Saturday, July 28, 2012

Preparation: setting the dance floor / kunstLABor

Dance rehearsals are about to begin in earnest in the kunstLABor now, and that means it is time to roll out the dance floor.  Let me tell you – this is an exercise in extreme patience and teamwork!
While Fernando sweeps and mops up the clay that covers the floor after the last few days of artistic experiments (more about that later), Carlos and I, with much grunting and groaning, transport two heavy rolls of Marley from our storage unit to kunstLABor.  This special rubber-like substance provides dancers with the necessary balance of traction and glide for ease and safety on the dance floor.
We can lay the Marley either a black or a white surface up, and after a bit of philosophical discussion – nothing can happen among contemporary dancers without a bit of philosophical discussion – about the quality of light and energy and aesthetic of the different colors, Carlos decides for black:  white will look dirty, and black matches the empty frames hanging on the walls from the last exhibit.
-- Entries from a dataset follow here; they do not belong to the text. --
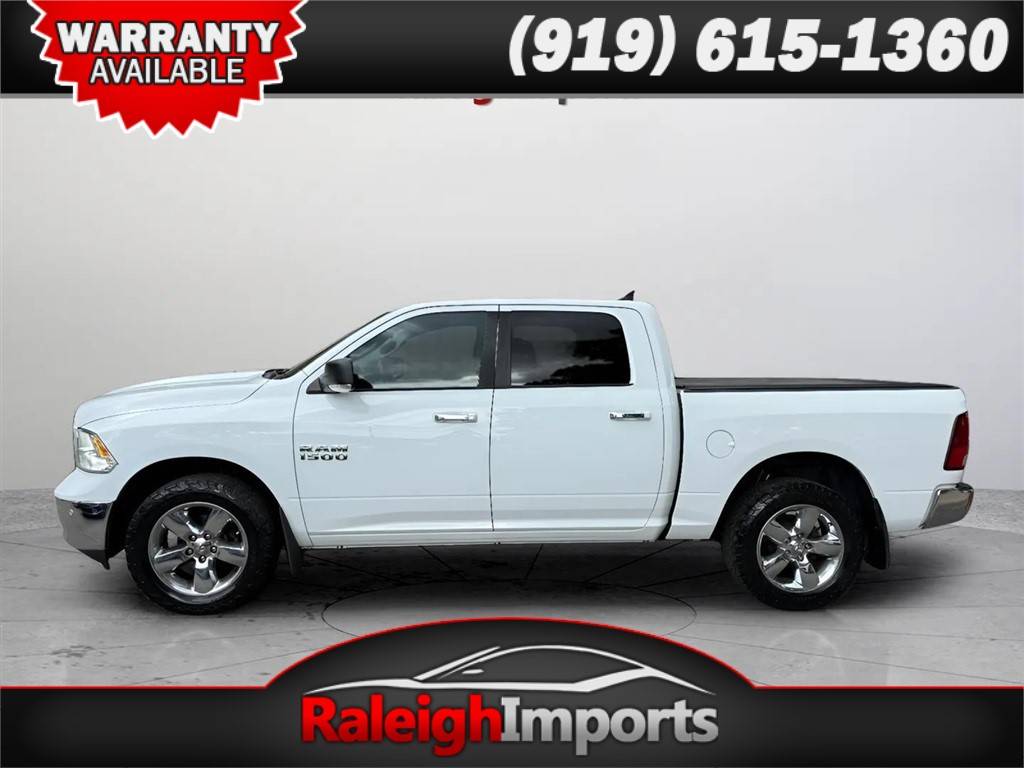 2016 Ram 1500 Big Horn — Pickup Truck — 138,891 mi — Raleigh, NC
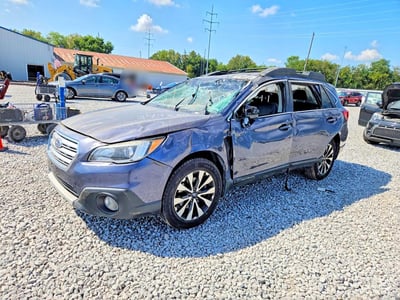 2015 Subaru Outback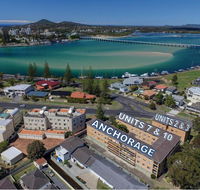 Anchorage 10 Water Views From Balcony - Brisbane Tourism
This means we must unroll, flip and reroll one mass of Marley so the black will face up.  Sound simple?  It is true that giving the roll a good shove with our feet and watching the flooring stretch across an open room brings a sensation of childish satisfaction, but rerolling the stuff can be quite frustrating.  The edges must be perfectly even to prevent any warping, which requires two people placing equal weight on each side of the sturdy cardboard tube, moving very slowly forward to wrap the Marley around it one centimeter at a time, and occasionally lifting the heavy thing or tugging it to keep the correct tension.  On a good day, we achieve the desired result on the third try.  Today is not a good day.
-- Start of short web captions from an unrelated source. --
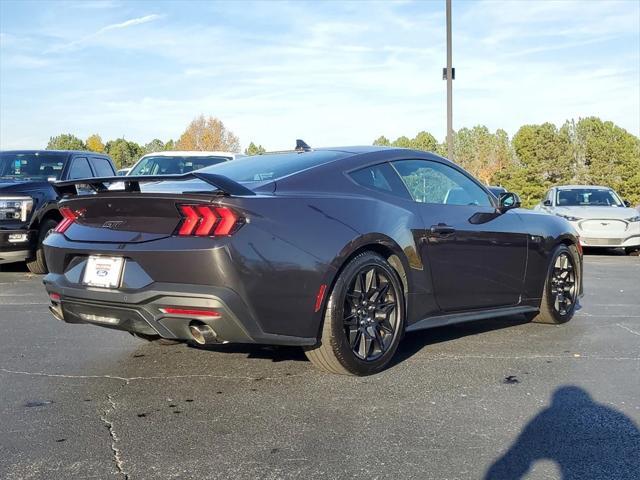 used 2024 Ford Mustang car, priced at $49,995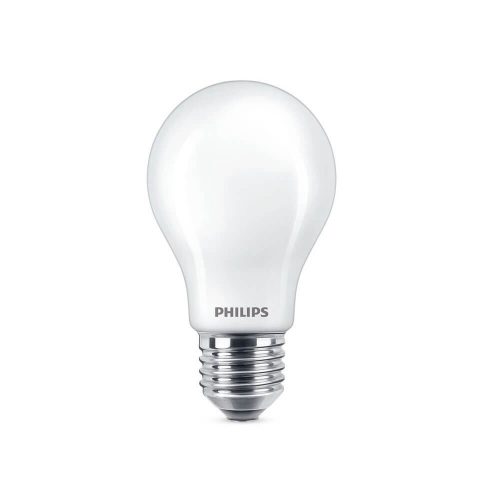 Philips A60 E27 LED körte fényforrás, 8.5W=75W, 2700K, 1055 lm, 220-240V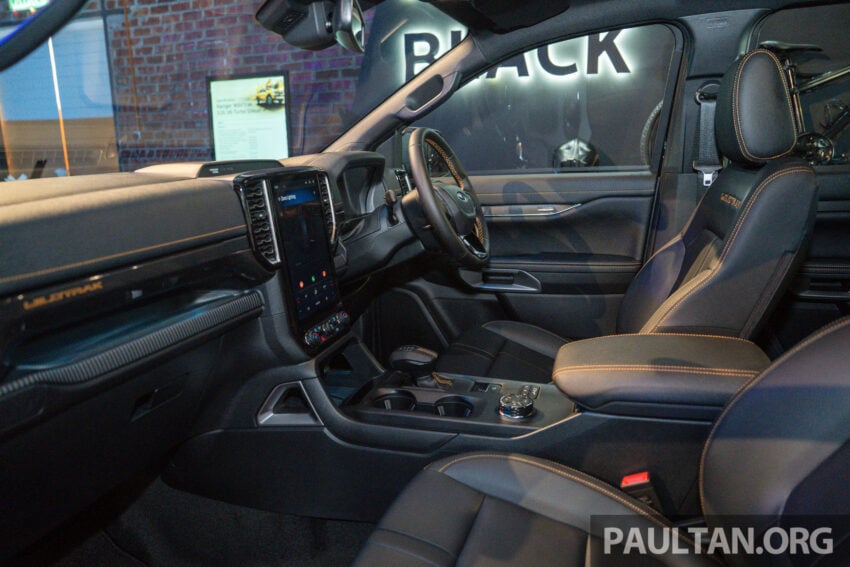 Ford Ranger Wildtrak 3.0 V6 Turbo Diesel 本地正式发布, 250PS/600Nm输出, 10AT自排变速箱, 售价19.3万令吉起 305749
Next, AKS arranges four long strips of foam on the floor; these act as a little cushion and insulation between the dancers’ feet and the cold, hard linoleum-covered cement floor.  This foam covers just a bit more surface, both in length and width, than the Marley will.  Aligning the edges so they barely touch without overlapping, and taping them in place firmly enough that they will stay in place stay but loosely enough that the material can adjust when the Marley rolls over it is trickier than it seems like it should be.
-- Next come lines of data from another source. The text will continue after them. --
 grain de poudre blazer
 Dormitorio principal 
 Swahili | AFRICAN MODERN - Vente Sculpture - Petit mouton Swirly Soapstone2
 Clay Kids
After this, it takes a team of four to lay the dance floor over the foam:  Carlos and I on either end of the Marley roll, slowly pushing it out, making sure the edge stay even with the outside edge of the foam, and AKS and Fernando crawling backwards ahead of and facing the Marley, pressing air beneath the foam toward the outer edges and smoothing the strips into alignment with open palms.  Concentration is key, as looking away even for a moment can allow a tiny gap to develop between the two foam strips, meaning we need to re-roll a meter or so of Marley and try again.  And of course, once the first roll is finally down we get to do it again with the second.
A communal exhale sounds as we finally made it to the end.  Now we can leave the Marley alone to breathe overnight, and tomorrow it is just a matter of taping the seams closed and taping the edges to the floor.  Then let the rehearsals begin!

Saturday, June 30, 2012


Welcome to the new blog of dance company NETZWERK AKS, the Platform for Contemporary Dance + Art!  We are an international network of contemporary dancers and artists currently based in Millstatt, a tiny town in the beautiful Carinthian Alps of southern Austria.
You are probably wondering, “What can a tiny town in southern Austria hold for a contemporary dance company?” Yes, it is true:  many of the dirndl- or lederhosen-flaunting locals would rather drink beer, eat sausage and dance at a Polkafest than indulge in an evening of philosophical movement observation.
But if you woke every morning to an avian serenade intermingled with a breeze through the leaves and jubilant church bells, and watched the mist rise from the silvery Lake over the evergreen-blanketed mountains and into the blue, blue sky, and could rehearse in an old monastery with windows overlooking a garden to the water beyond, and could sit in the evening as I am now, watching the sun painting a trail of pink in her wake as she sinks behind the mountain tops before the moon brightens and the stars appear … well, you’d feel like dancing too!  The quiet and natural beauty here accommodate the whimsical ways of inspiration, giving her the freedom to work unharried by the rush, routine and unrest of city life.
We rehearse inside this old monastery
Not to say our choice of workspace hasn’t lent itself to a few challenges:  most of the locals are not exactly contemporary dance enthusiasts and large audiences are hard to come by,
What the locals think we do          What the Burgermeister thinks we do
(how the locals see our work)
and many in the greater arts community do not seem to take us seriously because they do not believe that High Art can exist in the provinces amongst the sheep and the cows.
(how the greater arts community views our work)
Still, we make the best of it and are happy to be here.